Light blogging through the New Year doesn’t mean that we can’t share a good laugh. Fortunately, the humorless “reform” community is always there to play straight man!
Here is the headline on the Campaign Legal Center’s report on the this week’s decision Wisconsin Right to Life v. FEC: “Federal Panel Issues Divided Opinion in WRTL v. FEC, et al.” In the body of the article, they describe this as a “split decision.”
Sorry, guys, the opinion was not divided; the decision was not split. You got slammed. Now the panel was divided – 2-1 – but the opinion of the majority was pretty clear, and it was a clean sweep for plaintiff Wisconsin Right to Life:
Standing – you lost.
Ripeness – you lost.
Mootness – you lost.
Merits – you lost!
We may be wrong, but we’re pretty sure a 2-1 opinion has just as much force of law as a 3-0 opinion. But maybe we’re wrong. Perhaps the 5-4 Supreme Court opinion in McConnell v. FEC no longer counts!

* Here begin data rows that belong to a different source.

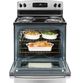 GE® 30" Stainless Steel Freestanding Electric Range-3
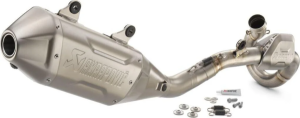 Akrapovic Evolution Line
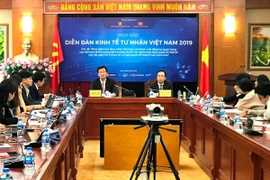 Diễn đàn Kinh tế tư nhân Việt Nam 2019: Trọng tâm phát triển kinh tế số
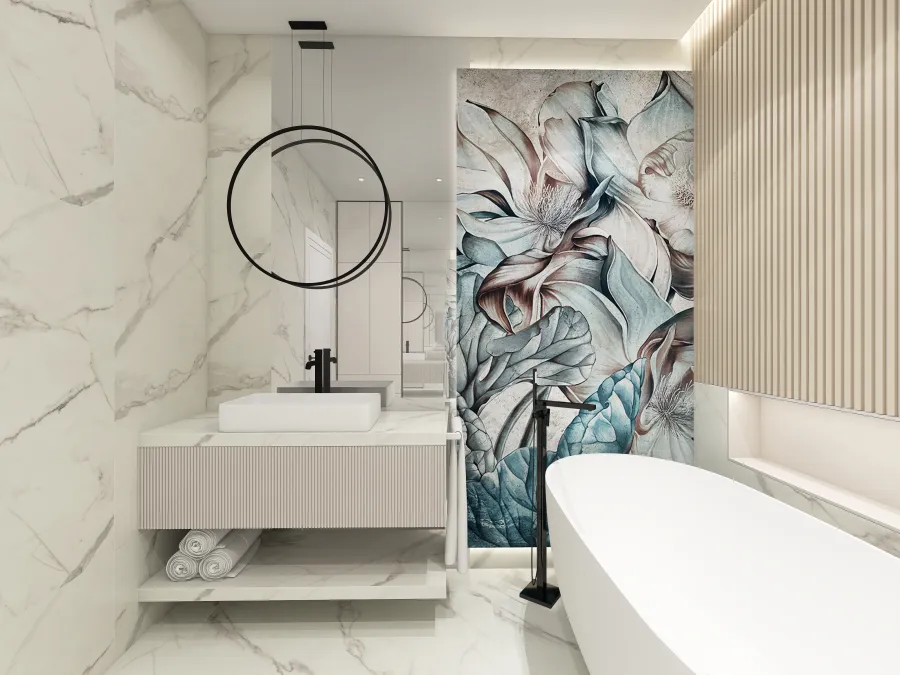 s a v i k h o m e_ guest_bathroom 3d design renderings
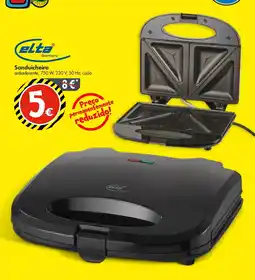 TEDi elta Sanduicheira promoção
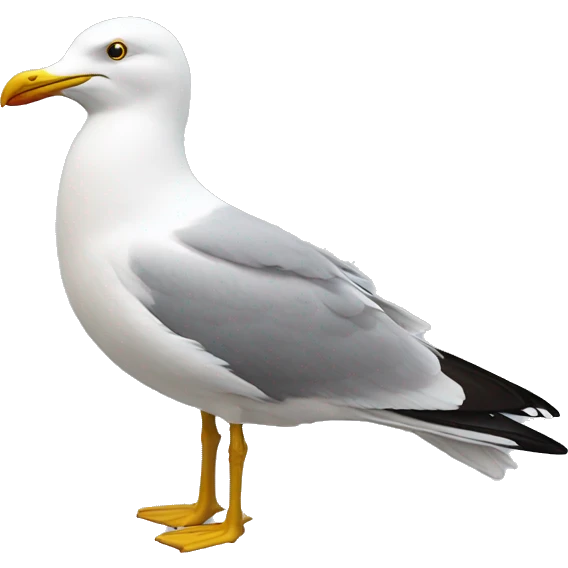 Seagull emoji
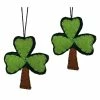 Deals 😀 Traditions Three Leaf Clover Ornaments Set/2 ✨ -Traditions Shop NW910018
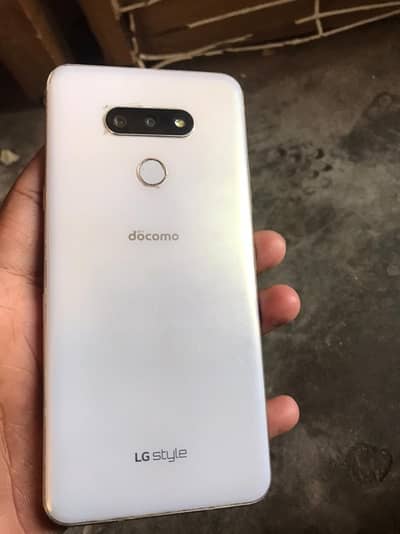 lg style 3 non pta all ok only phone exchange possible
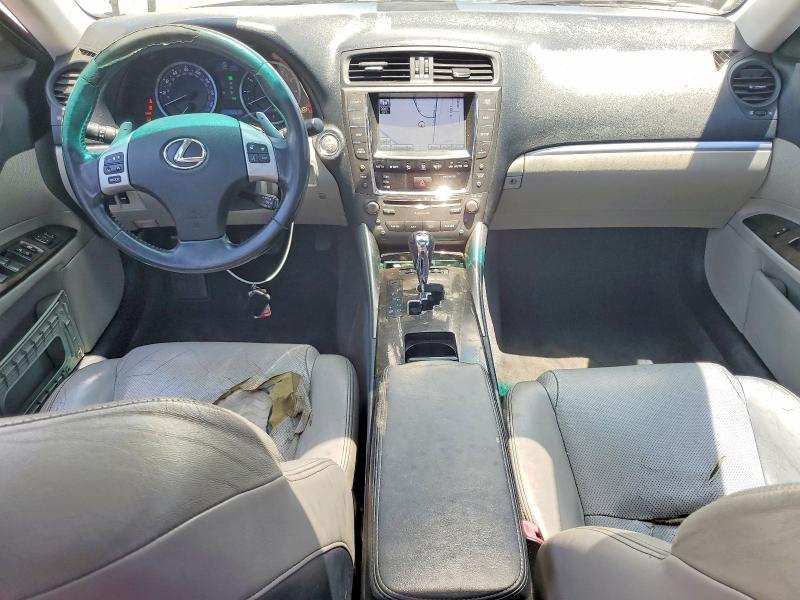 2012 Lexus VIN JTHBE5C29C5030978 COPART salvage auction — SIDE, Ca - Salvage Certificate, sold $1,550 on 2026-07-09 (photo 8)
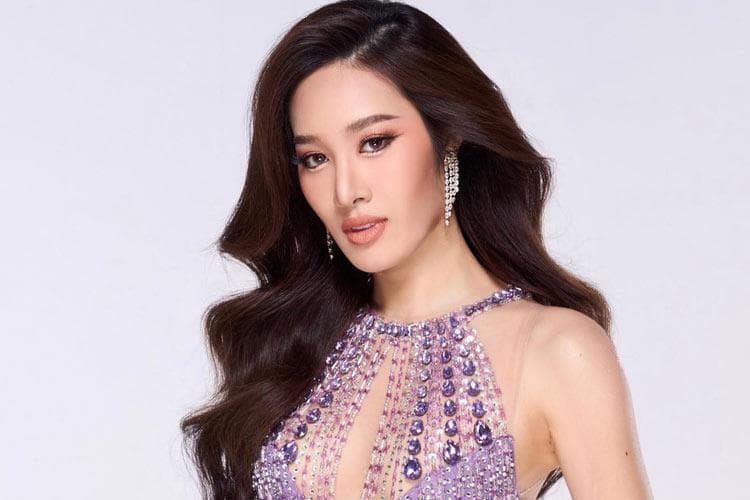 Apisara Thadadolthip Miss Universe Thailand 2024 Finalist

We print this to chuckle, not to gloat: we are all to aware that this case is likely to go before the Supreme Court, where a different result may ensue. And we here at CCP may then be very disappointed in that decision. If so, we will express our criticisms, and where we think the Court got it wrong. But we will, at least, describe the opinion accurately.